▶ [YOUR ASSIGNMENT]:
With the pictures removed, write out the full listing below exactly.

▶ [DATASET SECTION]:
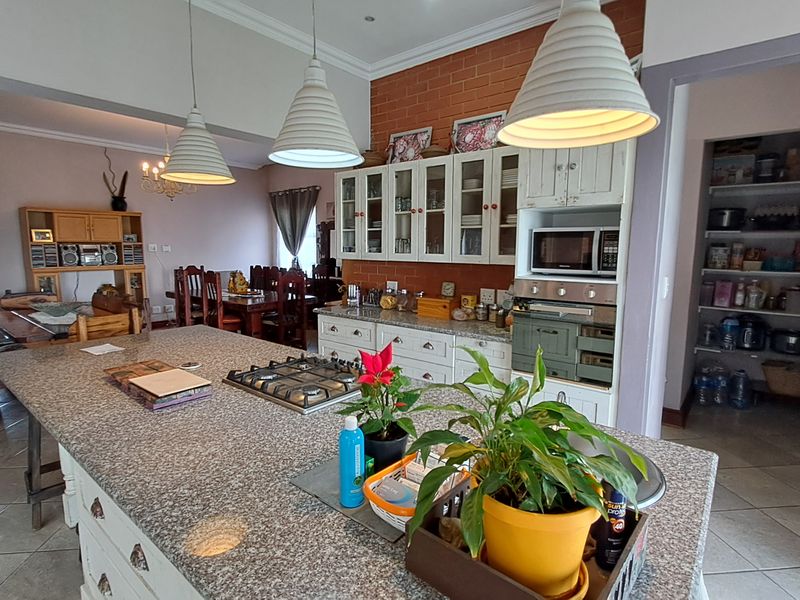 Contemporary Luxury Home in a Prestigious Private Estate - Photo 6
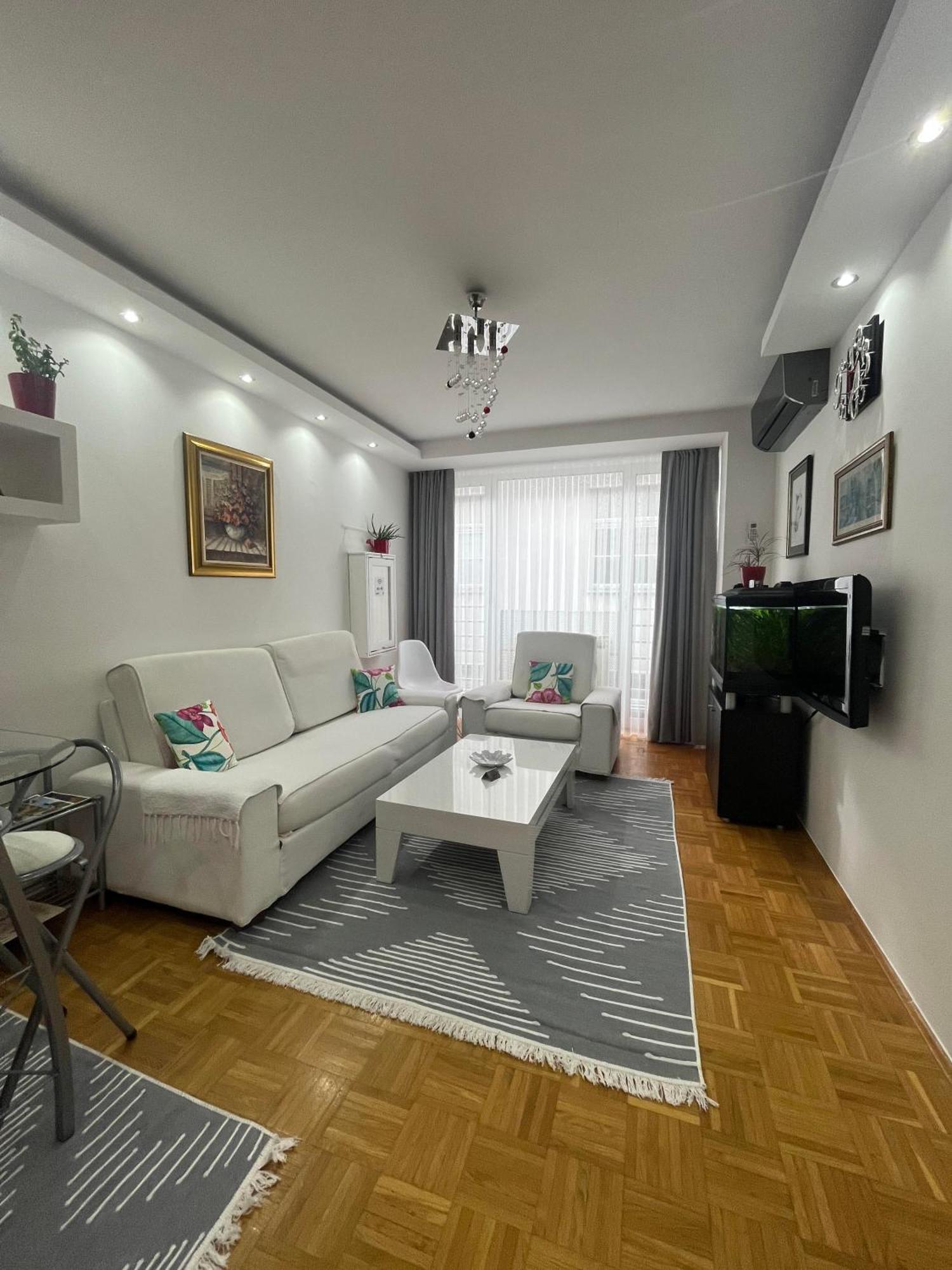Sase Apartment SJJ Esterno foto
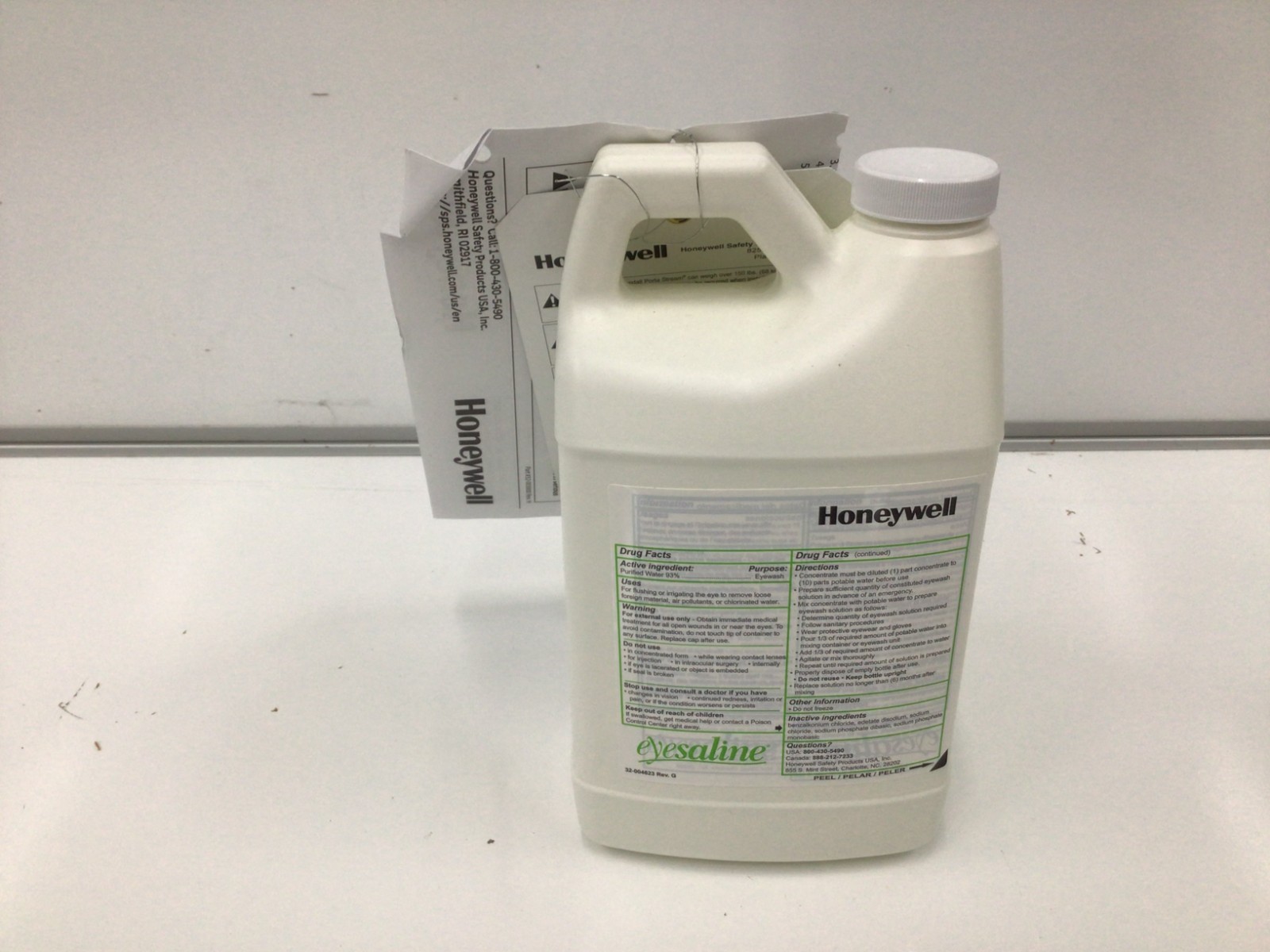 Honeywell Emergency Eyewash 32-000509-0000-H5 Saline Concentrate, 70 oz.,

▶ [ANSWER AREA]:
 Contemporary Luxury Home in a Prestigious Private Estate - Photo 6
Sase Apartment SJJ Esterno foto
 Honeywell Emergency Eyewash 32-000509-0000-H5 Saline Concentrate, 70 oz.,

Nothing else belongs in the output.